Here, a PT implementation which uses an enhanced global update kernel is presented. All the remain- ing components of the implementation of Lee et al. [16] remain the same (for more details on these components see [16]). The changes to the global update kernel aim at increasing thread utilization and maximizing performance. They are listed below:
1) Intra-chain computations are parallelized by assigning the calculation of the sub-densities (or groups of them) of each chain to separate threads, in contrast to Lee et al. [16] where all sub-densities of a chain were assigned to the same thread. This makes the comparison to other platforms fair.
2) The global update kernel processes M chains, each of which contains n sub-density evaluations. These Mn tasks can be allocated to CUDA blocks and threads in many combinations. The number of blocks ranges from 1 to M; within each block, 1 to n tasks are allocated to each thread. Combi- nations which allocate the work of a chain into separate blocks are not examined because this would require communication between different blocks during chain updates (which is expensive since the Global GPU memory needs to be used instead of the Shared memory). For each(M, n) setting, the combination of blocks and tasks per thread which maximizes the kernel’s throughput is chosen. For example, when few PT chains are used, there is not enough parallelism in the inter-chain level. It is then beneficial to assign each sub-density (task) of each chain to a separate thread to introduce as much intra-chain parallelism as possible. On the other hand, when the number of chains reaches a few thousands, it is preferable to assign more one sub-density task to each thread, because 1) there is
now enough inter-chain parallelism to saturate the device, 2) inter-chain parallelism does not require a reduction, unlike intra-chain parallelism. The above optimization is described in detail in Section 3.6.4 and leads to increased GPU utilization compared to Lee et al. [16] (also considering that much larger data sets are used compared to [16]).

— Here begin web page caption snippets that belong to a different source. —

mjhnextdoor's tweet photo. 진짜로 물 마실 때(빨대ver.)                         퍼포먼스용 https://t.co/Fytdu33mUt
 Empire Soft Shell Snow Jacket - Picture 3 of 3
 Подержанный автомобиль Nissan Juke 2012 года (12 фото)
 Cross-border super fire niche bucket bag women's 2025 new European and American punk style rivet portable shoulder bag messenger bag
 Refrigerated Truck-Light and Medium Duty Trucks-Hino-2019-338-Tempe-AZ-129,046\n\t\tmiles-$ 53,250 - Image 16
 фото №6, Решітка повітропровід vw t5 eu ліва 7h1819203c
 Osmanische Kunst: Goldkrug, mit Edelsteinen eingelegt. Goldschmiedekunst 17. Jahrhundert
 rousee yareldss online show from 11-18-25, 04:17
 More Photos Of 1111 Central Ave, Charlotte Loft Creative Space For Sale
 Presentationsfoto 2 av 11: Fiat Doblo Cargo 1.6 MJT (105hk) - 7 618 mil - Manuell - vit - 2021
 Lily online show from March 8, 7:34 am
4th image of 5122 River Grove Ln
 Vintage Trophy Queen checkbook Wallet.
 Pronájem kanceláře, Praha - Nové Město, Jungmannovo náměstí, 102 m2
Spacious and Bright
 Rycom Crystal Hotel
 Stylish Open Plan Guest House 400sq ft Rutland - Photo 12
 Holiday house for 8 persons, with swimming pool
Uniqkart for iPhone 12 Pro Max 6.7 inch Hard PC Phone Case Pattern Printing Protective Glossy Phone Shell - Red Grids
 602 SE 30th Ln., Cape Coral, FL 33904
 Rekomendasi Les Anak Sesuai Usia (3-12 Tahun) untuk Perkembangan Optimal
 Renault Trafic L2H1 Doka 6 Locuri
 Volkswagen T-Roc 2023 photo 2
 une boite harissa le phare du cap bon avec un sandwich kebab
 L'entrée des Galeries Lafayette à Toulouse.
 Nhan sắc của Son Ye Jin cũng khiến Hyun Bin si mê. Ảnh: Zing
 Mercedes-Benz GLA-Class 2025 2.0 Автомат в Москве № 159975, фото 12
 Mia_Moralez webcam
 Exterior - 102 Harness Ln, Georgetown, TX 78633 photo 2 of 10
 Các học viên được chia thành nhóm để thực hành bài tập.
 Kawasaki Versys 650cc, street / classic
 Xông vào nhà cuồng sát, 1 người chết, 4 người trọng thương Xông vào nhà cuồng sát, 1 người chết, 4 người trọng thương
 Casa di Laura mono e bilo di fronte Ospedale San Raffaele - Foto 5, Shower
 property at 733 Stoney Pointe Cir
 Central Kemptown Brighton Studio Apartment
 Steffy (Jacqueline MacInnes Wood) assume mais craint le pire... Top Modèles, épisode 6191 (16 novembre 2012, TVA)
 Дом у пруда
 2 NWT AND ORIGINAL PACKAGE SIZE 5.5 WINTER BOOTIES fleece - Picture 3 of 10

3) Reduction operations inside the density computation of each chain are unrolled using the technique proposed in [142]. After the independent sub-densities are computed by the threads, they need to be summed to get the likelihood. This requires communication between threads through the shared memory. Although this reduction can be easily done using a reduction tree, this forces half of the threads to be inactive in the first tree stage, 75% of the threads to be inactive in the second stage, etc. In the proposed implementation, the technique proposed in [142], which completely unrolls the reduction calculations and minimizes thread imbalance is applied.
4) The implementation of Lee et al. [16] stores all the data in the GPU’s constant memory (typically limited to a few dozens of KBs). This is possible because the data sizes used are small (100 data point, 4 bytes each). Here, data are stored in global GPU memory, which is a realistic strategy given the data sizes in real applications. During execution, data are moved, in chunks, to the shared memory of all blocks. All the chains of a block can use the data to compute part of the log-density before the next chunk is read, increasing the compute-to-memory ratio of the kernel by a factor equal to the number of chains per block (ranging from 2 to 32).